The Court then held that Andre could not because the evidence was not sufficient to support a conviction.  The Court concludes:
In sum, the evidence failed to establish, beyond a reasonable doubt, that Andre knowingly defrauded the United States or knowingly assisted in the preparation and filing of a false tax return.
Earlier, the Court had set forth the requirements for Andre's convictions:
To prove Andre's guilt beyond a reasonable doubt on Count 1, conspiracy, the government had to prove that he knowingly agreed with Sherri (or another person) to defraud the federal government of money or to deceptively interfere with the lawful functions of the IRS. See Hammerschmidt v. United States, 265 U.S. 182, 188, 44 S. Ct. 511, 68 L. Ed. 968 (1924); United States v. Treadwell, 760 F.2d 327, 333, 245 U.S. App. D.C. 257 (D.C. Cir. 1985). To prove Andre's guilt on Count 19, the government had to prove that he aided or assisted in the preparation or presentation of Jaycox's false tax return with a specific intent to violate the law. Cheek v. United States, 498 U.S. 192, 200-01, 111 S. Ct. 604, 112 L. Ed. 2d 617 (1991).

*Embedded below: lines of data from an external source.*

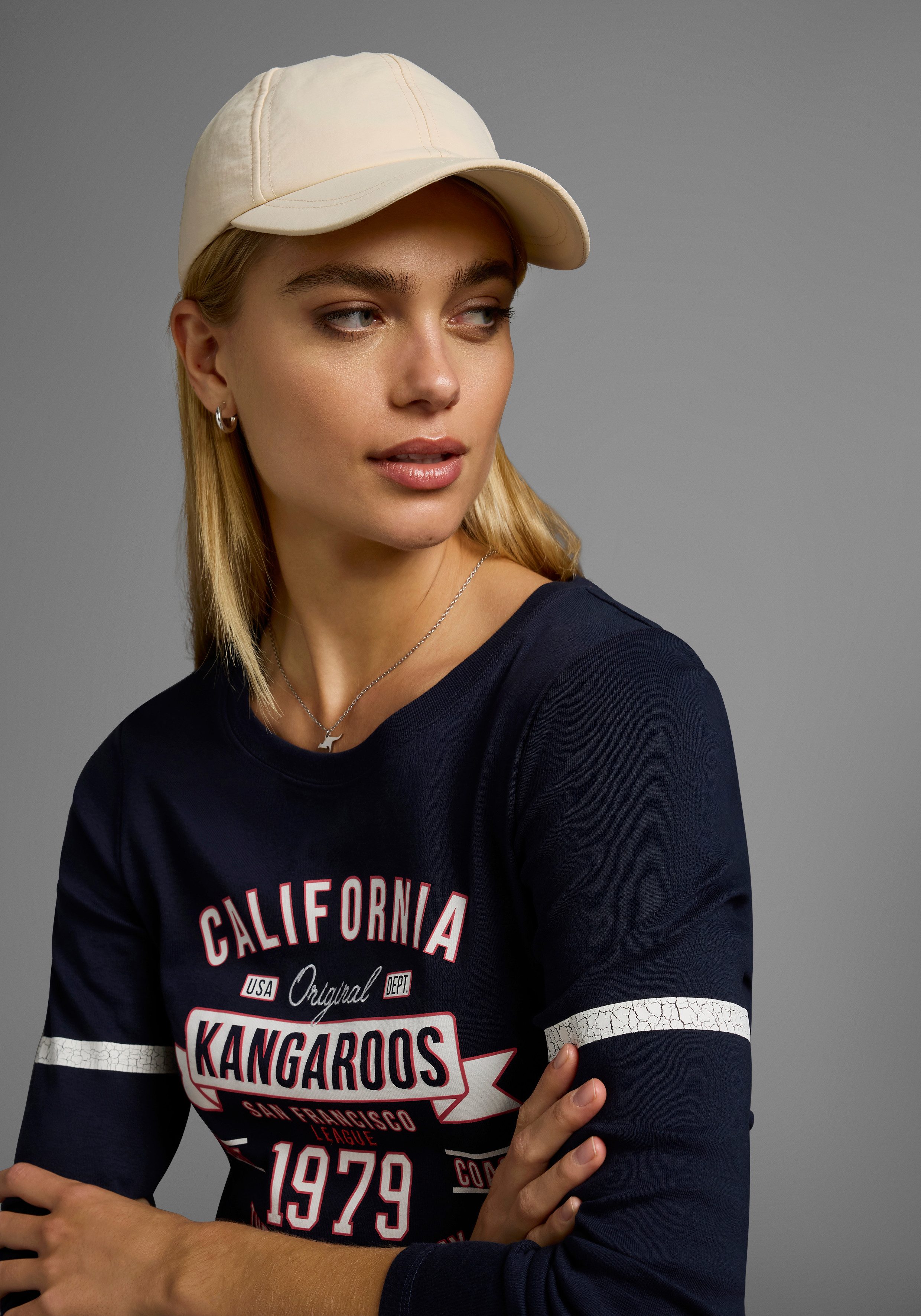 KangaROOS Shirt met lange mouwen Lange mouwen, zeer figuurvolgend, bedrukt en met borduring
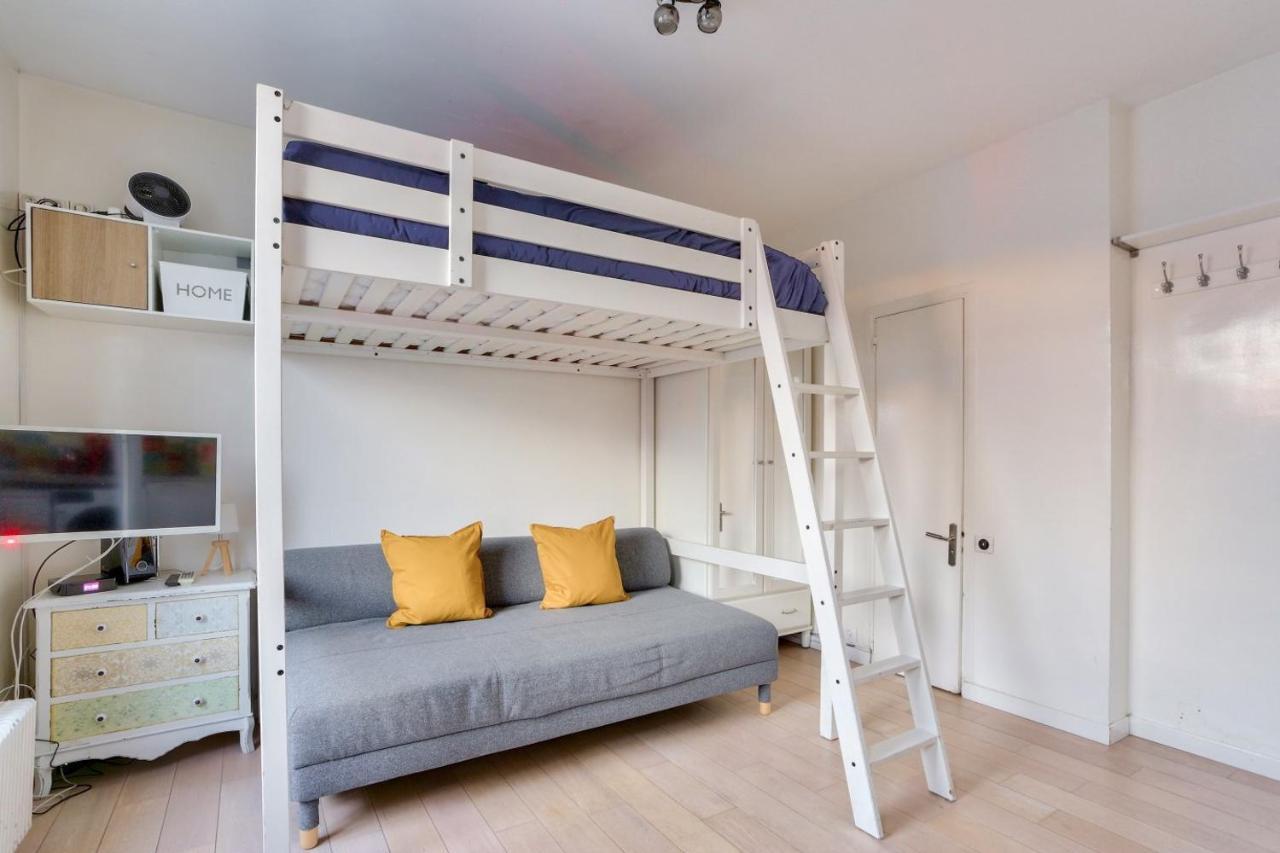 - Quartier Tour Eiffel 3 Free Netflix Apartment
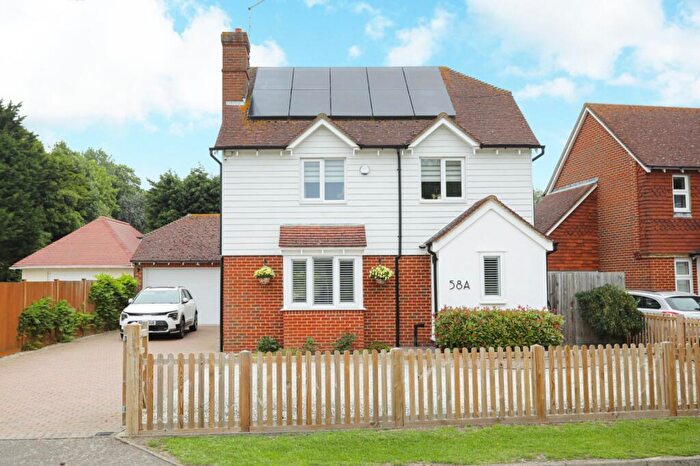 4 Bedroom Detached House For Sale In Eddington Lane, Herne Bay, Kent, CT6
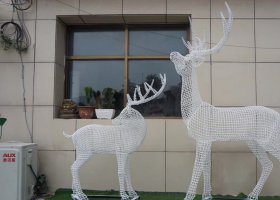 不锈钢镂空鹿组合雕塑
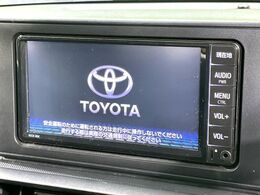 【純正ナビ】人気の純正ナビを装備しております。ナビの使いやすさはもちろん、オーディオ機能も充実！キャンプや旅行はもちろん、通勤や買い物など普段のドライブも楽しくなるはず♪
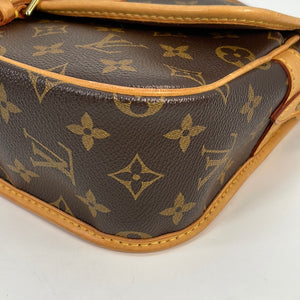 Louis Vuitton // Brown Monogram Sologne Crossbody Bag – VSP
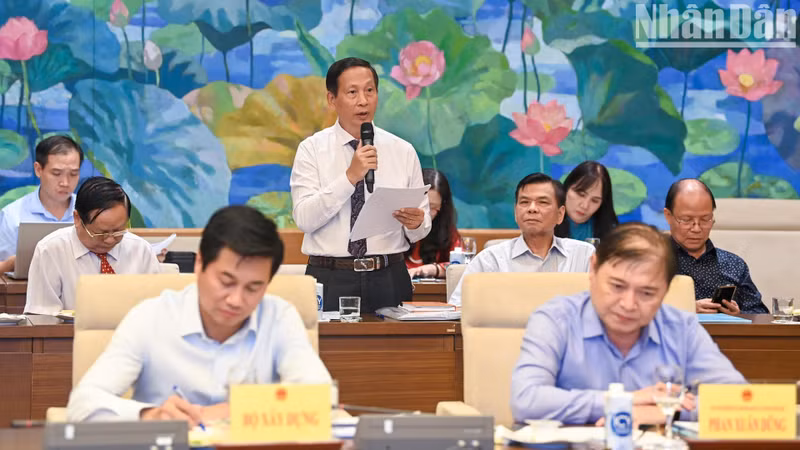 Do Duc Chien, presidente de la Asociación Inmobiliaria de Vietnam, comenta el proyecto de ley sobre el comercio inmobiliario.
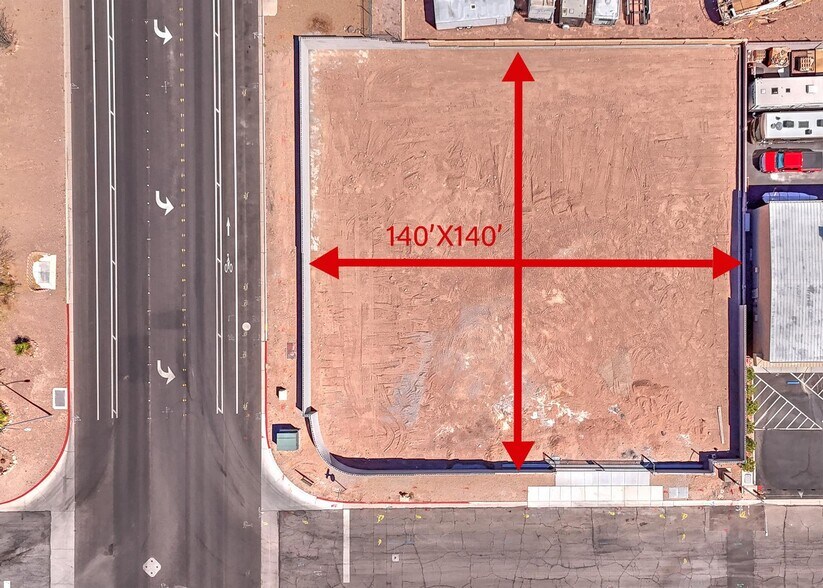 711 Wells Rd, Boulder City, NV à louer - Photo de l’immeuble – Image 2 sur 23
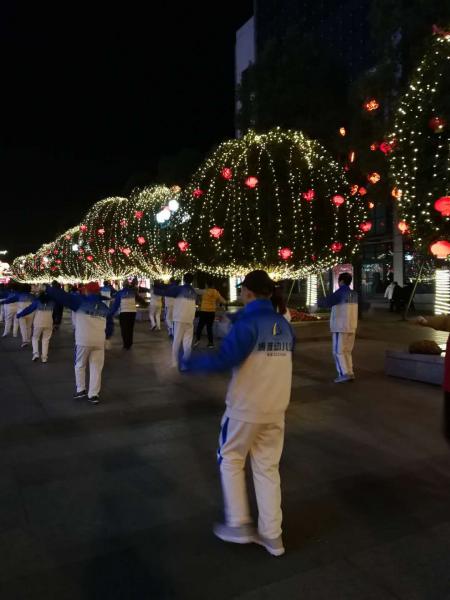 四川邻水年味浓 张灯结彩挂灯笼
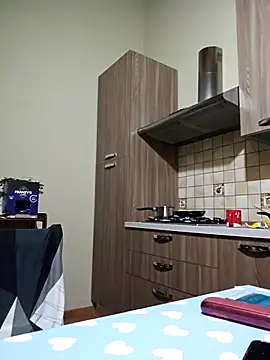 CRHYSTEL online show from 27, 2, 2025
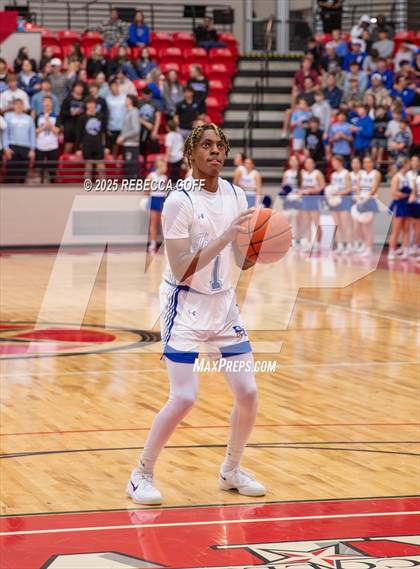 Thumbnail 1 in Friendswood vs. Barbers Hill (UIL 5A DIII Bi-District Playoff) photogallery.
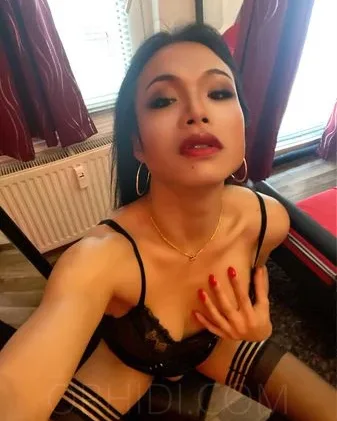 Photo from listing “TS Bens, Nur mit Termin möglich!”, age 26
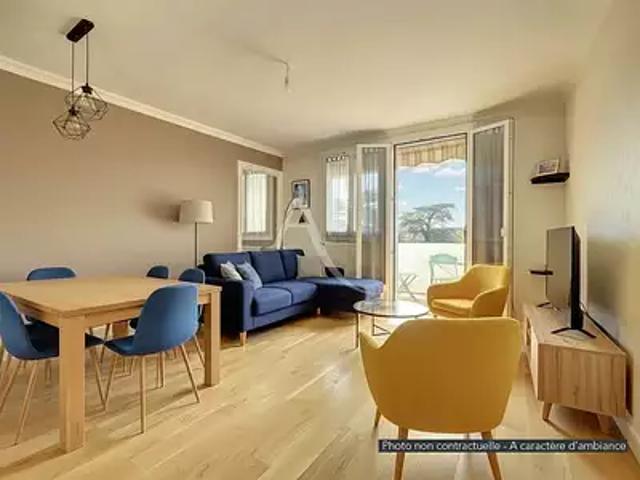 Fontaines sur Saône 69270 Achat / Vente appartement 3 pièces t3 au dernier étage cave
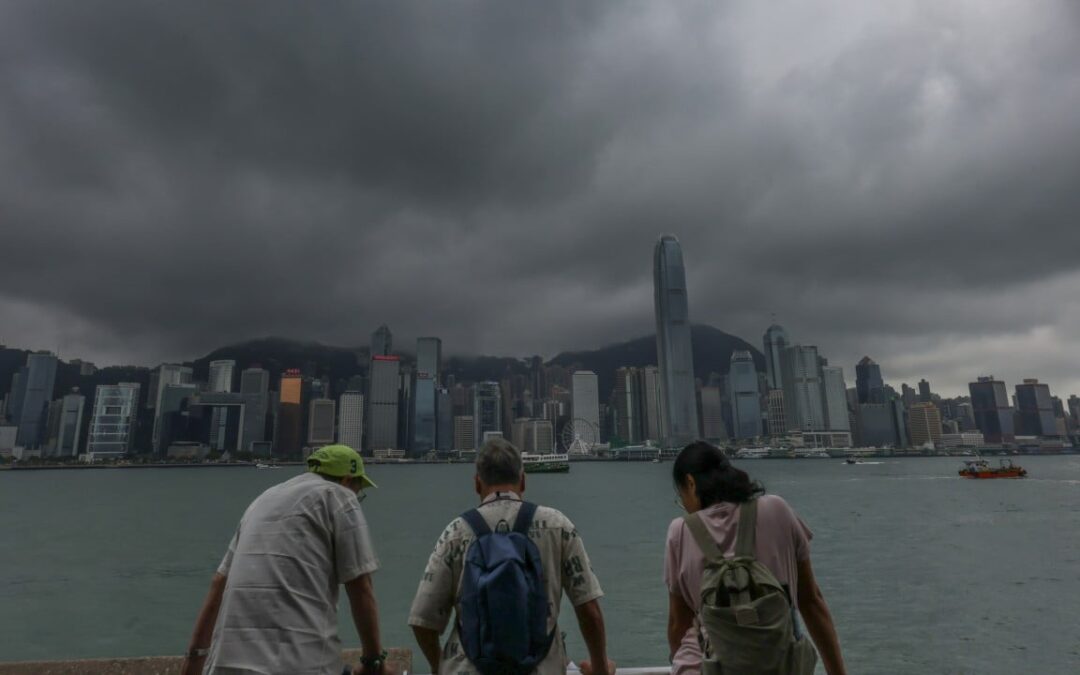 Hong Kong set for intense thundery showers, gusts in the evening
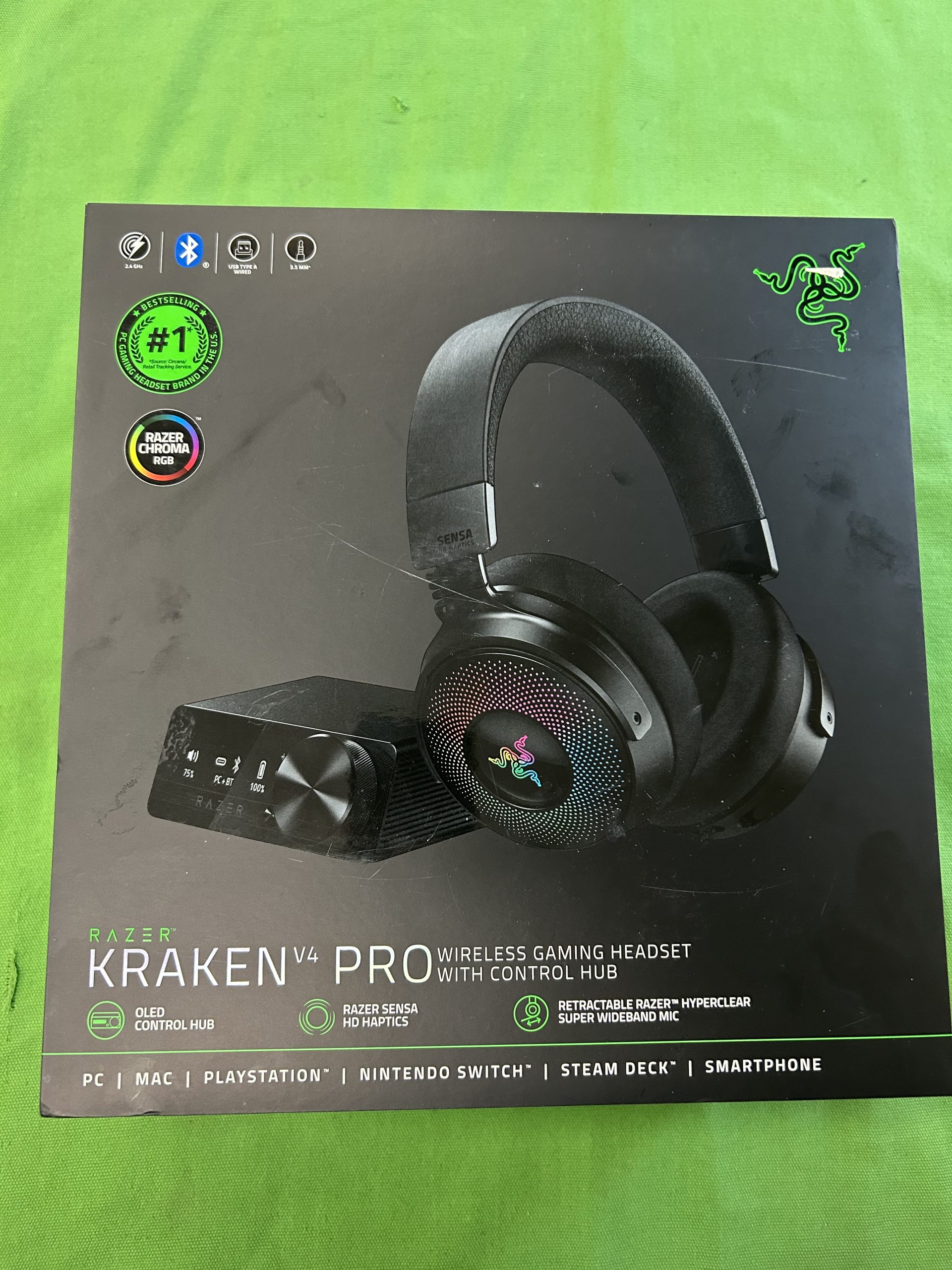 ÚJ Razer Kraken V4 Pro gamer fejhallgató, kiemelt kép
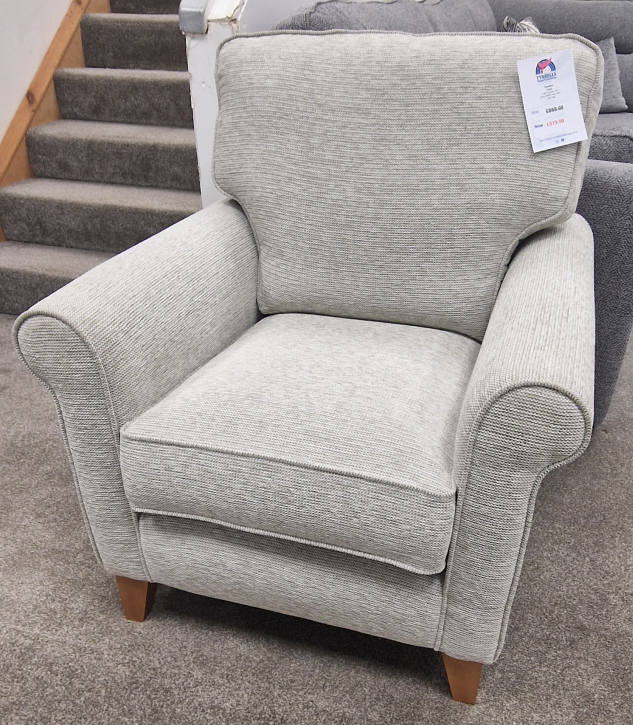 *CLEARANCE* Flanders - Accent Chair - Plain Linen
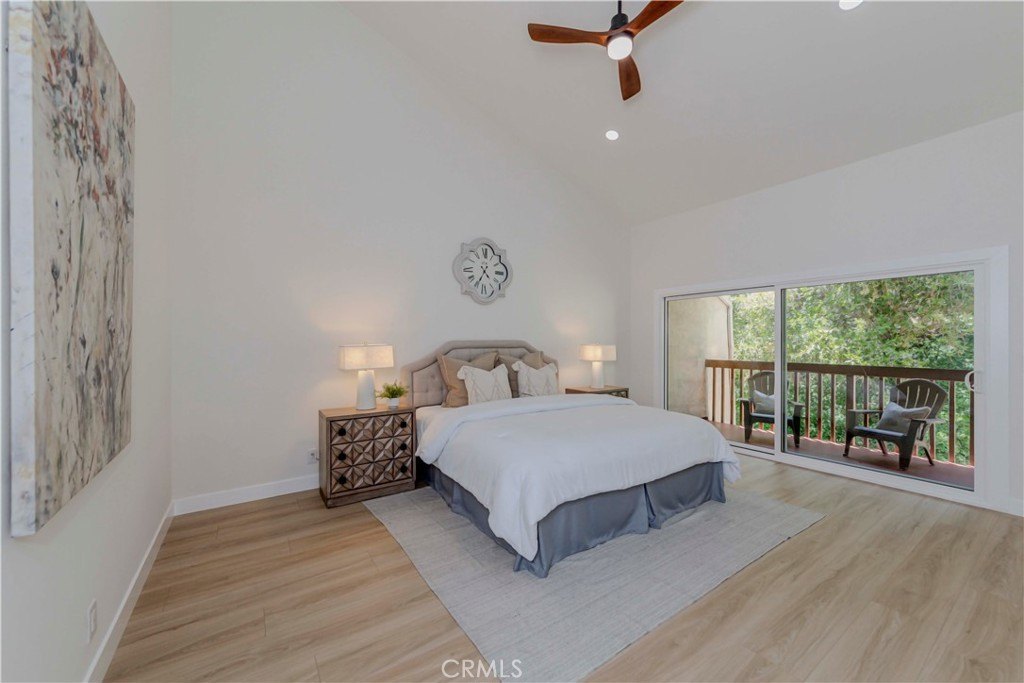Fullerton, California, 92833, United States, 2 Bedrooms Bedrooms, ,3 BathroomsBathrooms,Residential,For Sale,1890982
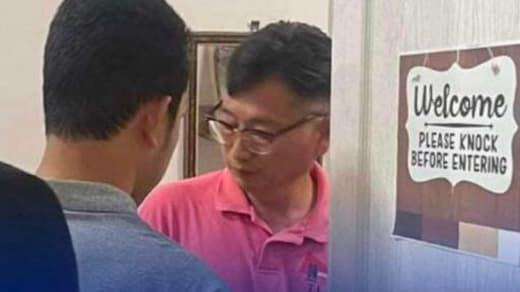 当地时间9月9日，一名韩国逃犯在试图办理“菲律宾护照”时因出示伪造的菲...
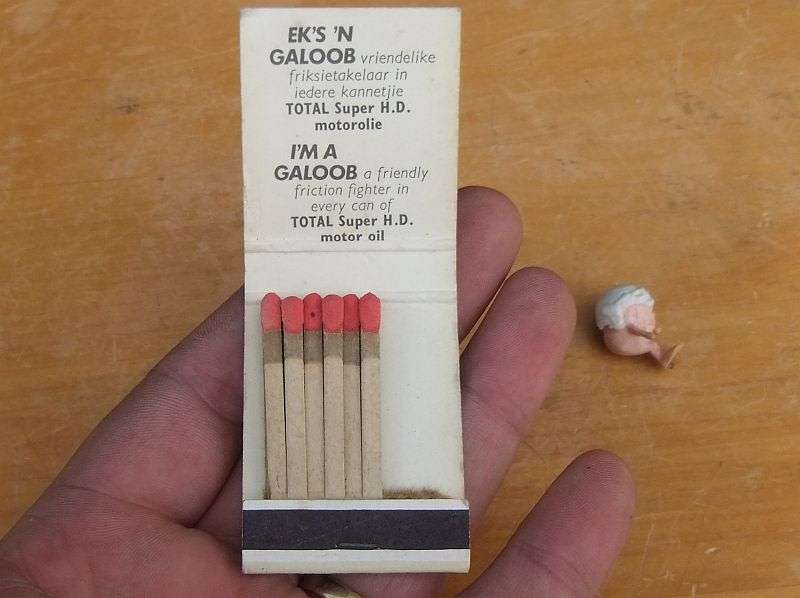 RARE !! THE CUTEST ADVERTISING GIMMICK EVER !! TOTAL OIL MATCHBOOK PLUS ONE GALOOB !! MUST SEE !!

Note that the court correctly states the elements of proof for the two counts, using the term knowingly for the conspiracy count and, although not mentioning the statutory element of willfulness, using the Cheek test for willfulness for the aiding and assisting count under § 7206(2).  But then, by the time it reaches its conclusions quoted above, it describes the mens rea for both crimes as "knowingly," which actually misstates the mens rea for the aiding and assisting crime.  Of course, since the definitions of knowingly in the criminal law is less strict than willfulness for tax crimes, it would follow that, if the evidence did not establish that Andre acted knowingly, by definition, it did not establish that he acted willfully.  And, another possibility, is that the Court misspoke and meant to say willfully.